The VC ecosystem may still be in a downturn, but SoftBank’s Vision Fund appears to be on the rebound.
The Japanese conglomerate’s tech investment arm reported a $4 billion gain in the last three months of 2023, the division’s largest quarterly return in almost three years.
SoftBank said its strong performance was driven primarily by the increasing valuation of TikTok owner ByteDance—which grew annual revenue 30% to $110 billion in 2023—and the climbing stock prices of its publicly traded investments, including ridehailing service Didi.
This was the third quarter of positive returns for the investment unit, which includes Vision Fund 1, Vision Fund 2 and SoftBank’s Latin America strategy.
In June, SoftBank chief Masayoshi Son said that after a period of refraining from making new investments, he is ready to shift to “offense mode” by backing artificial intelligence companies.
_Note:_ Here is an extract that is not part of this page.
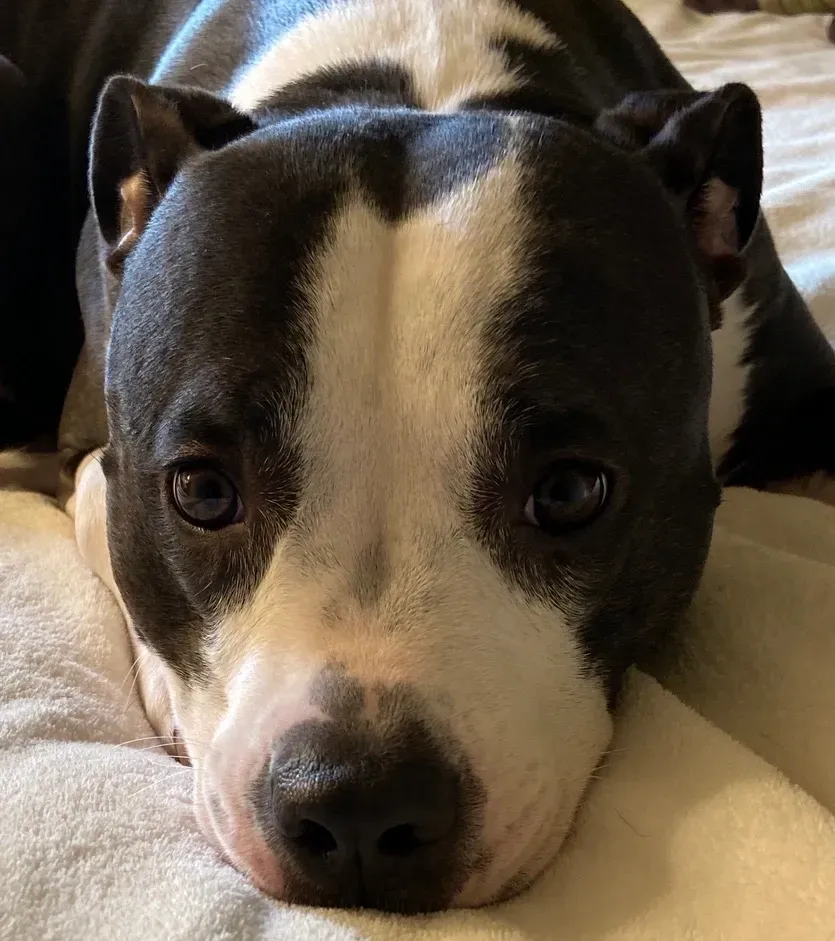 Close-up of a black and white dog resting its head on a soft surface.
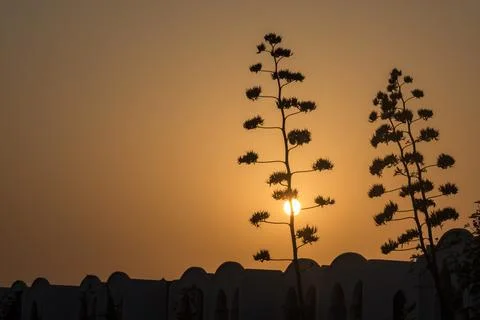 Trees in the warm sundown on vacation Stock Photos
Since then, the capital available for deployment from Vision Fund 2 has decreased from over $10 billion to $6.4 billion, but SoftBank has yet to announce notable investments in AI startups.
Shot in the Arm
SoftBank has yet to realize a windfall from the post-IPO performance of chipmaker Arm, whose share have more than doubled since it debuted in September. The IPO lockup period for the semiconductor giant is set to expire next month. At the time of the IPO, SoftBank owned 90% of the company.
Arm shares surged more than 50% on Thursday after the chip designer announced better-than-expected sales and forecasted strong revenue growth. SoftBank’s stock rose 11% on Thursday in Tokyo.
SoftBank said the Vision Fund portfolio is on sound footing: over 90% of its companies still have more than 12 months of runway. The funds’ startups also raised $8.2 billion in additional capital in 2023.